Kopf oder Zahl
von Wolfgang Tonninger
Auf den ersten Blick ist Geld ohne Tiefe. Man hat es oder man hat es nicht. Und dieses Haben oder Nichthaben begründet auch meist unsere Beziehung zu ihm. Und doch: Geld ist etwas, das nur auf den ersten Blick einfach ist.
Bei näherem Hinsehen erweisen sich sogar Binsenwahrheiten als wackelige Hypothesen. Als ob es einen doppelten Boden gäbe, unter dem vermeintliche Gewissheiten zerbröseln. Wie ist es sonst zu erklären, dass Alan Greenspan, langjähriger Präsident der amerikanischen Notenbank und ein Meister im Jonglieren allergrößter Summen, nach seinem Ausscheiden aus dem Amt eingestanden hat, dass er am Ende nicht wisse, was Geld eigentlich sei?
Ursprungsmythen
Doch beginnen wir am Anfang – wenn wir ihn denn finden. Denn die Wurzeln des Geldes liegen im Dunkeln und sind immer wieder Anlass für prinzipielle Debatten. Die einen pochen auf einen religiösen Ursprung in Opferritualen, die anderen auf den Akt der Beglaubigung, der einen Wert festhält und garantiert. Und wieder andere betonen eine fließende Entwicklung aus dem Warenhandel.
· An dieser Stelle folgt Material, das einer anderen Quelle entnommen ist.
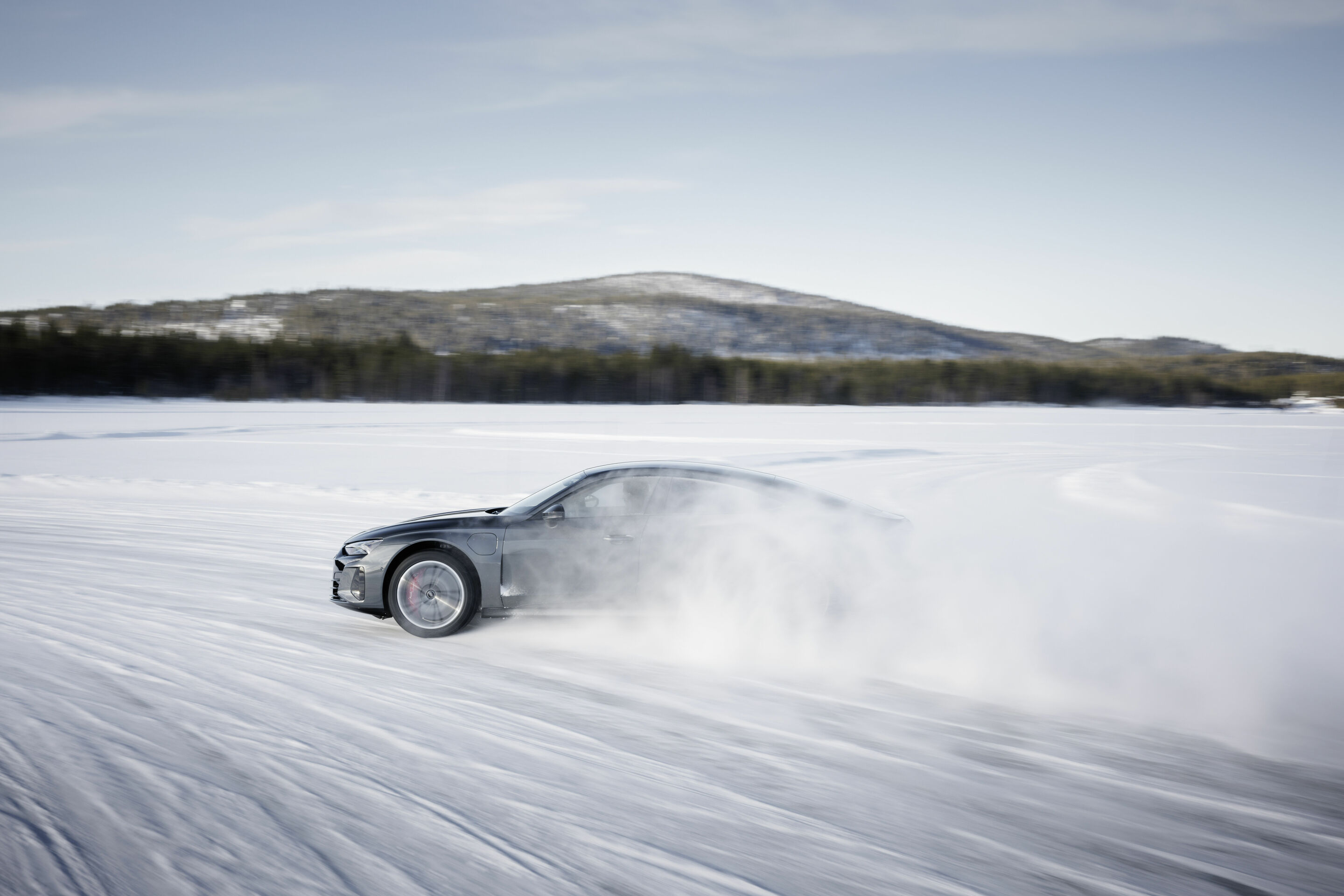 Audi RS e-tron GT - Fahraufnahme; 
Farbe: Daytonagrau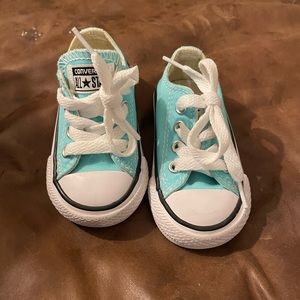 Blue chuck Taylor all star converse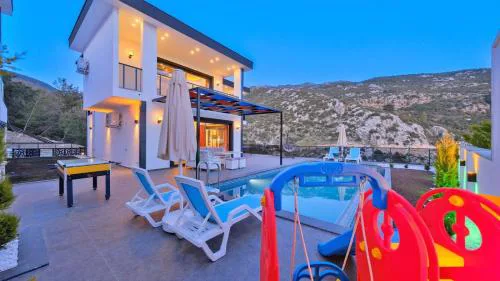 İslamlar 2 bedroom secluded villa with private pool hot tub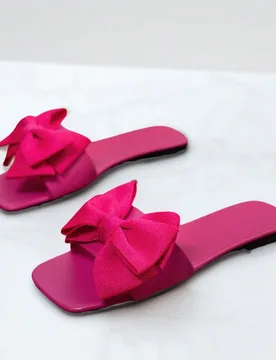 Sandalias planas con punta cuadrada para mujer, versátiles sandalias de playa de verano para damas, antideslizantes - Shein - FashionsVida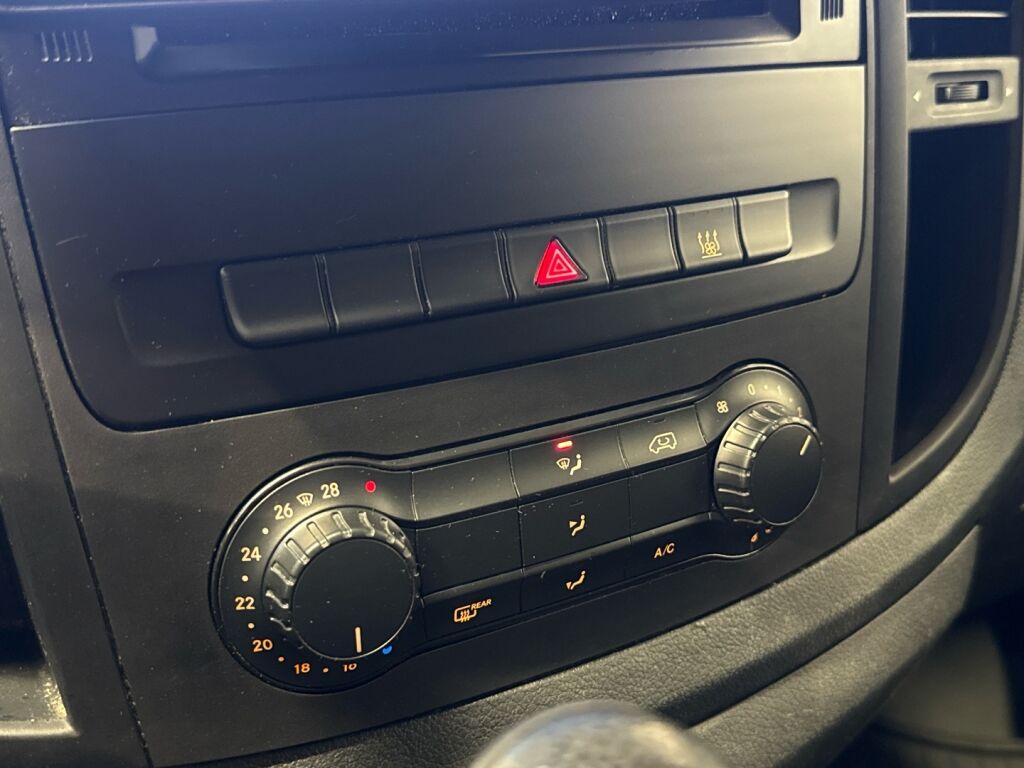 Mercedes-Benz Vito 2015 Valkoinen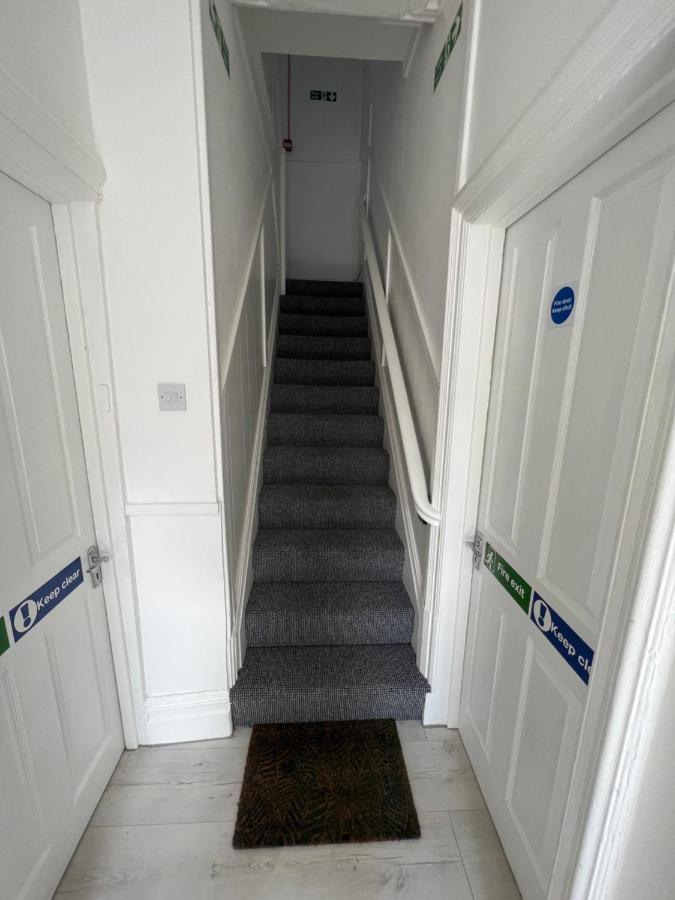 Safari Apartment, Free Parking, 10min Walk To Tower, Sleeps 12 Apartment Blackpool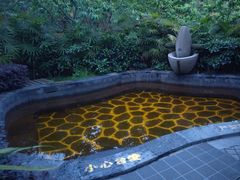 -御泉湾养生汤泉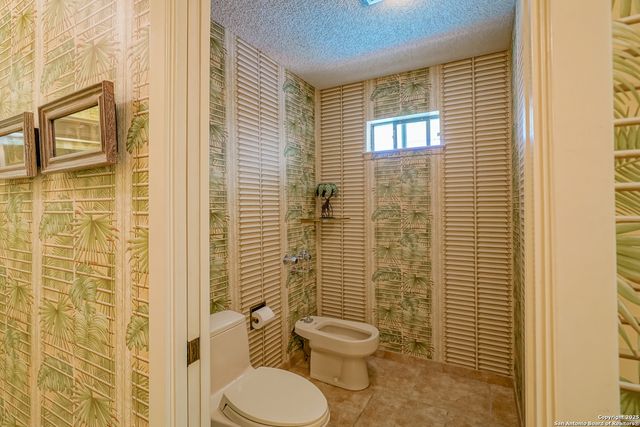 6303 LAKEWOOD PARK, Windcrest, TX 78239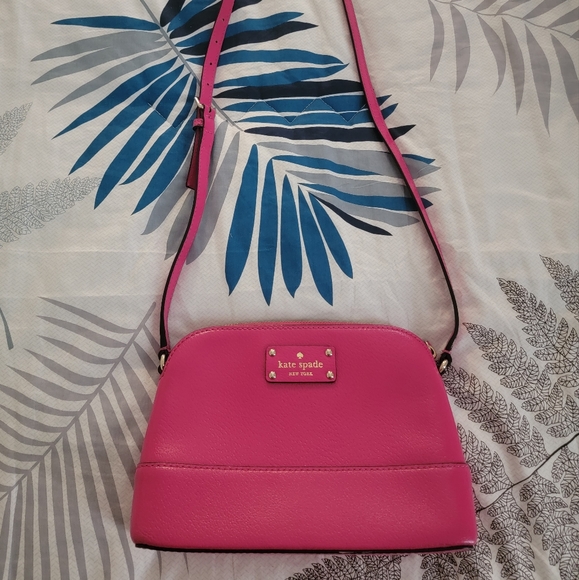 Kate Spade purse - Picture 1 of 9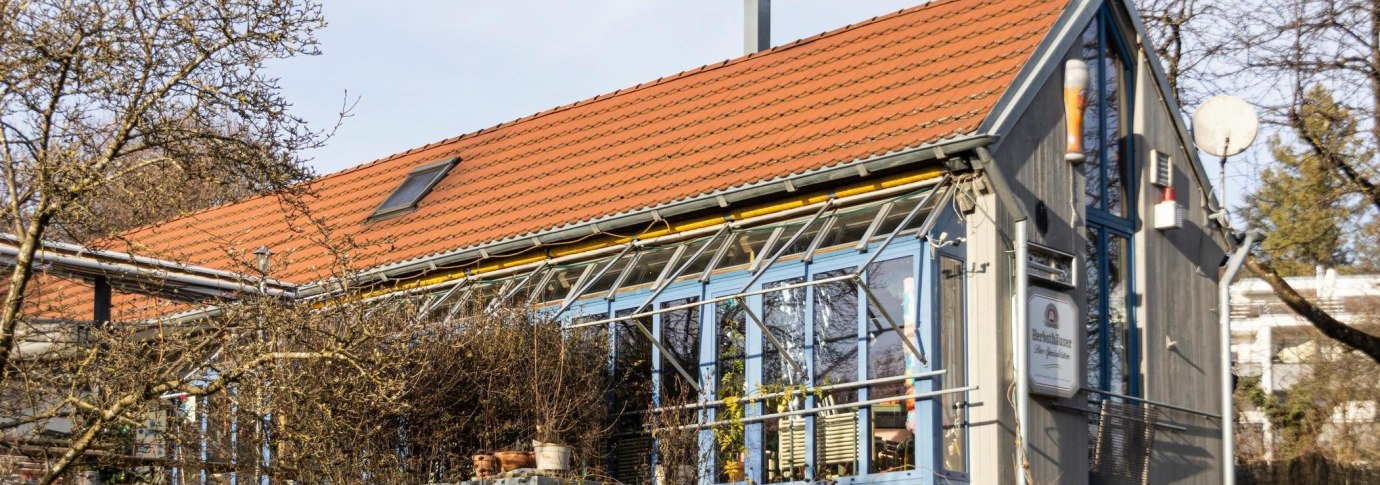 Modernes Haus mit rotem Ziegeldach und gro&szlig;en Glasfenstern, umgeben von kahlen B&auml;umen und einem Garten., &copy; Stuttgart-Marketing GmbH, Sarah Schmid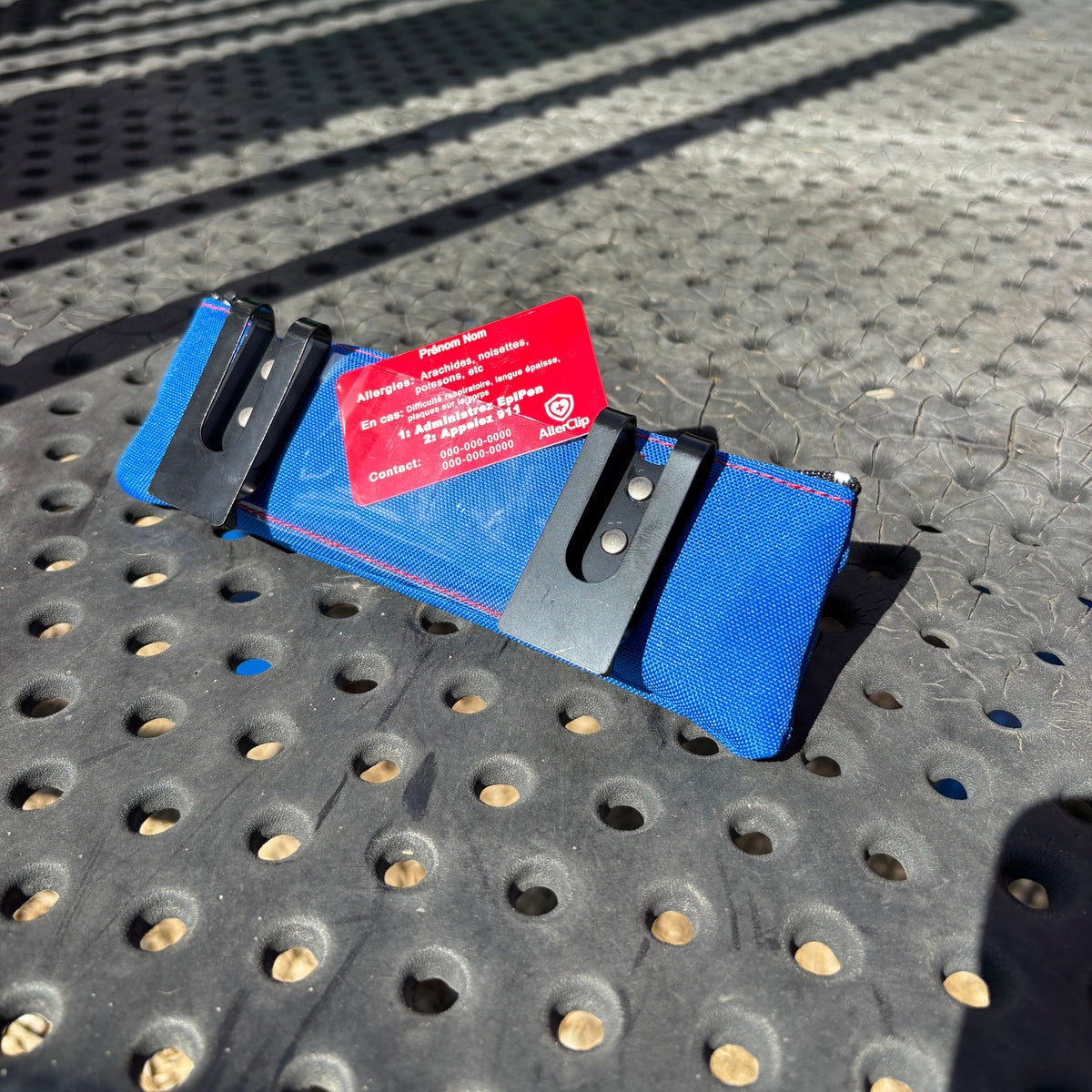Étui AllerClip avec carte médicale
» Die Phönizier haben das Geld erfunden – aber warum so wenig? «
Johann Nestroy
Ihre These: Weil die zu tauschenden Waren nicht immer denselben Gebrauchswert hatten und oft nicht dann nachgefragt wurden, wenn sie verfügbar waren, entwickelte sich nach und nach so etwas wie ein Zwischengut oder Tauschmedium, das einfach zu transportieren, gut teilbar, ausreichend vorhanden und wertbeständig war. Und damit, so erzählen es die Anhänger dieser Geschichte, war der, der einen Faustkeil zu viel und ein Stück Mammutfleisch zu wenig hatte, nicht mehr auf das unverschämte Glück angewiesen, jemandem über den Weg zu laufen, der ausgerechnet ein Stück Mammutfleisch zu viel und einen Faustkeil zu wenig hatte. Und noch dazu in diesem Augenblick willens war, dieses Eine gegen jenes Andere zu tauschen. Klingt auf den ersten Blick plausibel. Aber eben nur auf den ersten Blick. Denn diese Ursprungsgeschichte des Geldes setzt genau das voraus, dessen Entstehung sie erklären will: einen Tauschhandel, der ohne Tauschmedium funktioniert. Und: Sie beantwortet die Frage nicht, was Geld eigentlich seinen Wert und damit Gültigkeit verleiht. „Geld ist zu Geld erklärtes Geld, beglaubigt vom Vertrauen der Geldgemeinde in seine Gültigkeit,“ notiert Dieter Schnaas in seiner Kulturgeschichte des Geldes.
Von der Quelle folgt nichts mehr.